=== Section Start ===

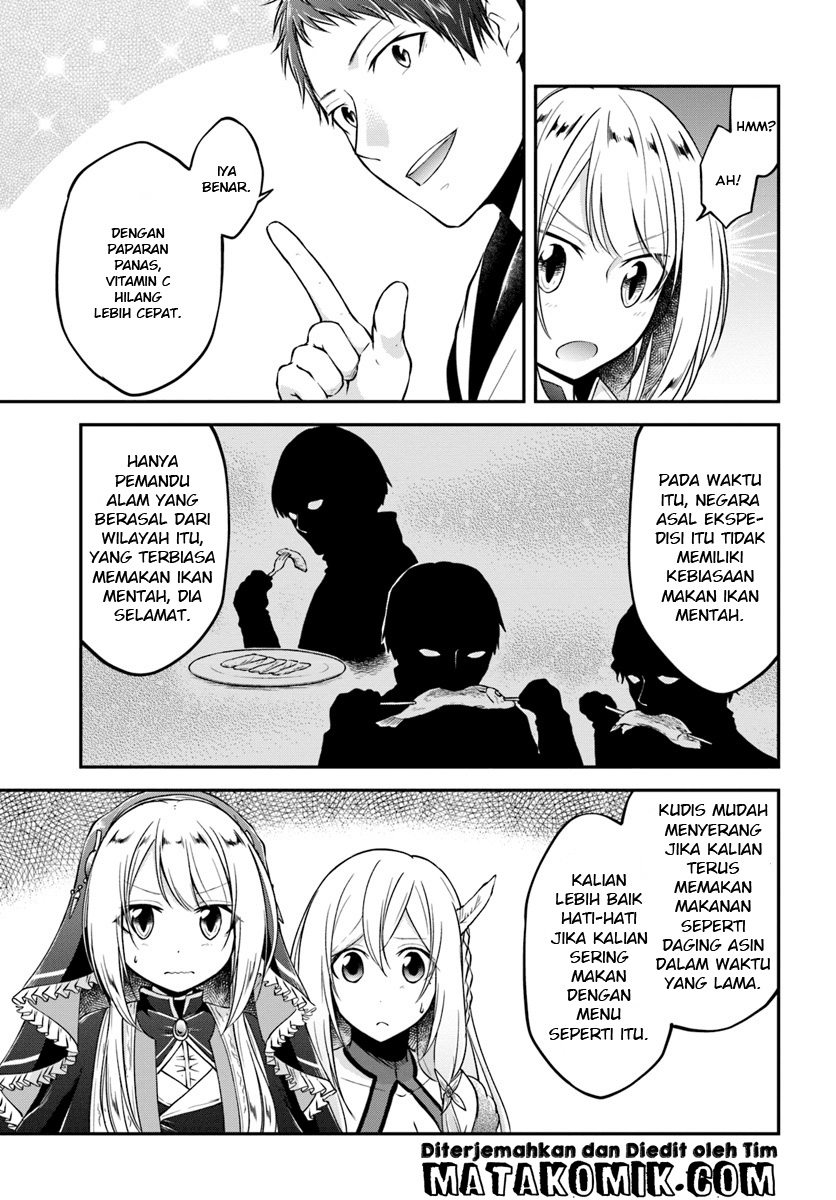 Isekai Cheat Survival Meshi Chapter 07 Gambar 33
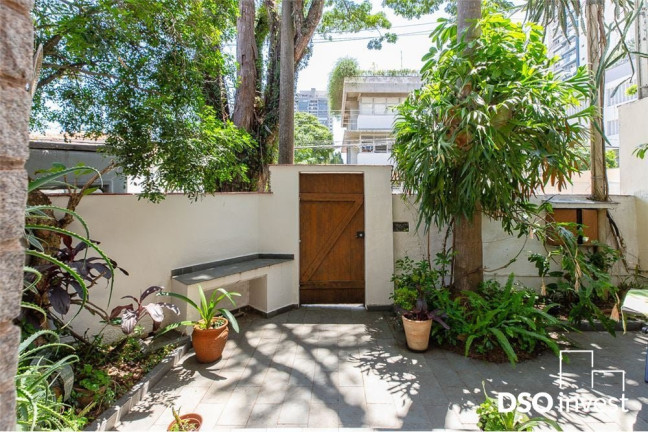 Imagem Casa com 4 Quartos à Venda, em Chácara Santo Antônio (zona Sul) - São Paulo Imagem Casa com 4 Quartos à Venda, em Chácara Santo Antônio (zona Sul) - São Paulo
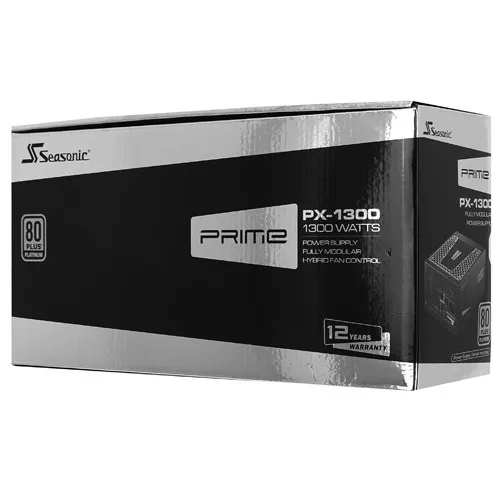 Блок питания 1300W Seasonic Prime Platinum SSR-1300PD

=== Section End ===

== WHAT YOU SHOULD DO ==
Give back the material above exactly as it appears, minus any picture.

== ANSWER BOX ==
 Isekai Cheat Survival Meshi Chapter 07 Gambar 33
 Imagem Casa com 4 Quartos à Venda, em Chácara Santo Antônio (zona Sul) - São Paulo Imagem Casa com 4 Quartos à Venda, em Chácara Santo Antônio (zona Sul) - São Paulo
 Блок питания 1300W Seasonic Prime Platinum SSR-1300PD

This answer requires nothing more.